From much of society, there was scant sympathy for these suffering men. Fundamentalist preachers thundered that the malady was deserved, a manifestation of God’s wrath visited upon sodomites. Many in government expressed no interest in a rare disorder striking what they viewed as a marginal group. And some health care workers shunned the patients, not just out of fear for their own health, but disdain for homosexuals.
As a new faculty member with expertise in oncology, I was asked to help care for the men with tumors. And since my laboratory research involved T-cells, I also joined the larger effort to identify the cause of the new malady.

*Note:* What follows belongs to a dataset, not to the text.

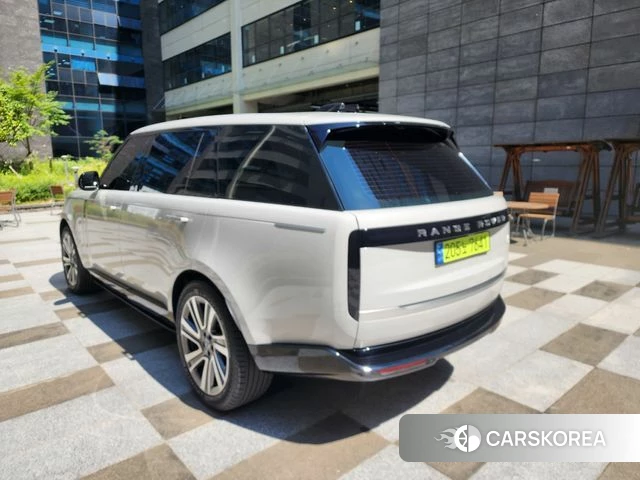 Land Rover Range Rover 5th Generation 2025 Светло-серебряный цвет из Кореи, фото 2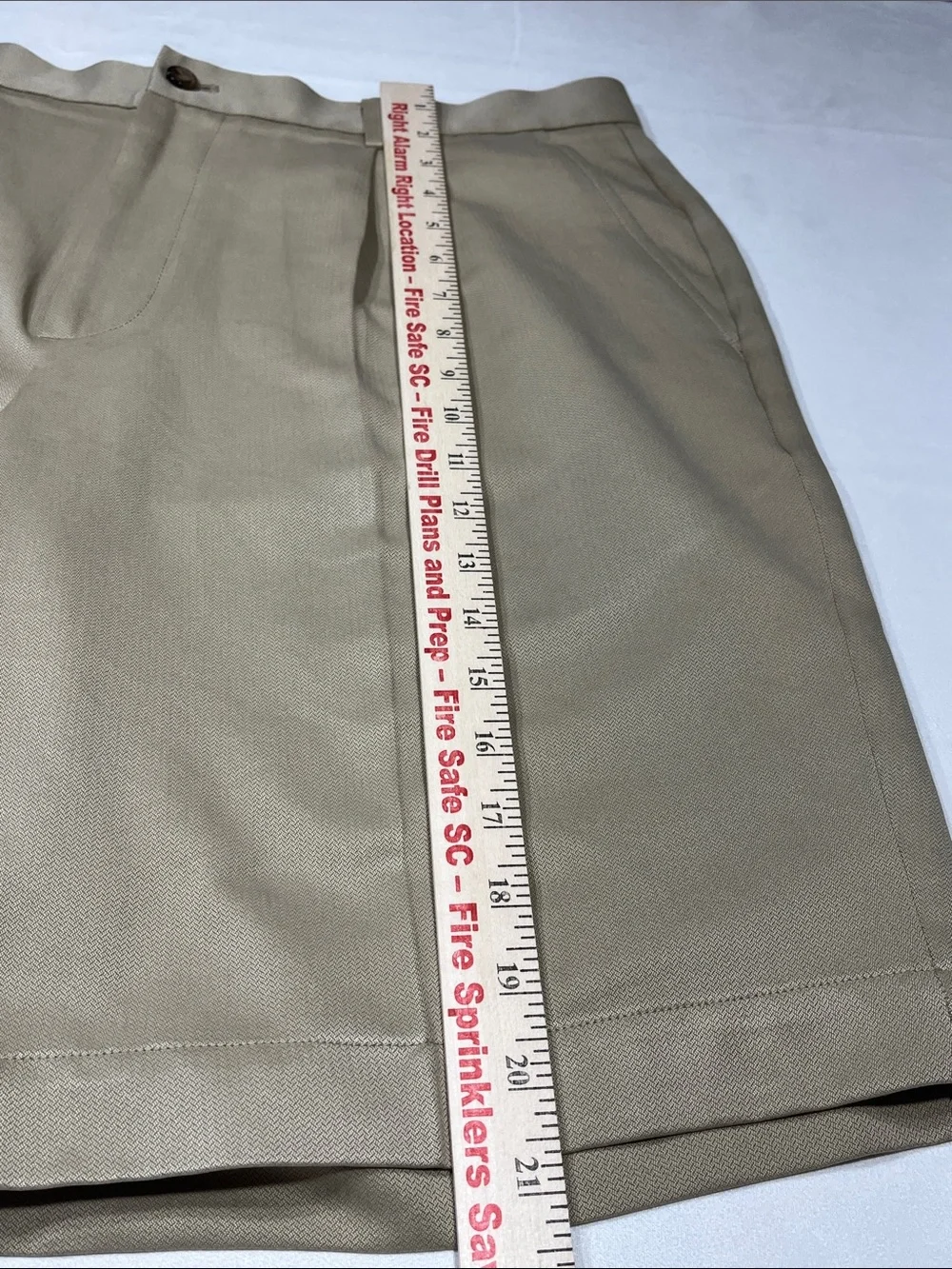 Greg Norman Shark Golf Shorts Khaki Tan Microfiber Men’s Size 36 Flat Front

At the beginning, no one knew its explanation. Was it an infectious agent, perhaps a mutated T-cell leukemia virus like the one I was studying? Was it due to a collapse of the immune system after exposure to antigens in semen and toxic party drugs like “poppers,” amyl and butyl nitrates? So, in pursuit of a cause, we not only took a medical history and performed routine laboratory tests, but conducted sophisticated studies on blood and other body fluids and delved into the intimate details of these men’s lives. I met teachers, firemen, lawyers, teamsters, and architects. At first, they were wary in answering, our questions opening up parts of their lives that they had learned to keep shielded. But over time, trust grew, and a largely hidden culture was thrust to the fore by illness.
Over several years, I heard the life stories of hundreds of gay men. And as I listened, I felt a growing kinship with them. Unexpectedly, it grew from being raised in a traditional Jewish family in the shadow of the Holocaust. My mother’s uncles, aunts, and cousins in the Carpathian Mountains were all deported to Auschwitz in 1944. Few survived. After their liberation, those who did were sponsored by my grandmother to come live near us. From them I learned about the most extreme consequences of stigma, when Jews were cast as “the other,” less than fully human, contaminating society.

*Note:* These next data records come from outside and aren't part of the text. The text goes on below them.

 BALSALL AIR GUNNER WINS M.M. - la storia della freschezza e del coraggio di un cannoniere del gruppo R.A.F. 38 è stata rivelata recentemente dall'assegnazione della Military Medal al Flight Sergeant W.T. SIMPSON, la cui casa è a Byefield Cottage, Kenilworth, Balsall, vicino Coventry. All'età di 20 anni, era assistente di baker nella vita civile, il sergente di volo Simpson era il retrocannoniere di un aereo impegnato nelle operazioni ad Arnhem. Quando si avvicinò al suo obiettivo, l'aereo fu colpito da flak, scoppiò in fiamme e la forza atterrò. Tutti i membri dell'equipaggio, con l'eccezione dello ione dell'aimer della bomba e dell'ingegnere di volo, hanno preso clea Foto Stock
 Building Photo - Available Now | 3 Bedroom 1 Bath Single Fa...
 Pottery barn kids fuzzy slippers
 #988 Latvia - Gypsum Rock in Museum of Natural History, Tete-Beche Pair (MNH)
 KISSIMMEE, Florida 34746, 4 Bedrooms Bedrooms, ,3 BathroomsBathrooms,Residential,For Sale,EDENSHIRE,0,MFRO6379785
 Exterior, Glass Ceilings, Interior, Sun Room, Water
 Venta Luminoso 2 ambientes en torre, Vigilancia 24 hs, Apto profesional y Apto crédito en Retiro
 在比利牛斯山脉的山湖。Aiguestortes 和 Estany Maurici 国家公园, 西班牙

My parents raised us to never feel shame about who we are. Instead, they pointed to achievements by those who did not hide our heritage. Jonas Salk and Albert Sabin were celebrated for their work with polio. Sandy Koufax was the Dodgers’ star pitcher but declined to play on Yom Kippur. To be sure, my parents were more relaxed and open with those they termed “members of the tribe.” But they superseded this tribalism by a firm belief in human dignity and justice. I was taught the verses in the Hebrew Bible that man is made in the image of God, and became aware of the multiple injunctions to respect the stranger, as we were once strangers in a strange land.

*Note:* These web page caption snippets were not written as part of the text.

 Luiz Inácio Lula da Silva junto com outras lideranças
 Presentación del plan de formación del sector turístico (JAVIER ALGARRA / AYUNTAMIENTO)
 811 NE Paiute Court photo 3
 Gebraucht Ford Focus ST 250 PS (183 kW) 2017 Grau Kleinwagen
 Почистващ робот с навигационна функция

Readers of Far from the Tree, Andrew Solomon’s far-ranging and detailed exploration of identity and illness, will likely reflect on their own memories of upbringing and of encountering the unfamiliar. At the outset, he proposes two broad categories of identity, vertical and horizontal:
Because of the transmission of identity from one generation to the next, most children share at least some traits with their parents. These are vertical identities. Attributes and values are passed down from parent to child across the generations not only through strands of DNA, but also through shared cultural norms.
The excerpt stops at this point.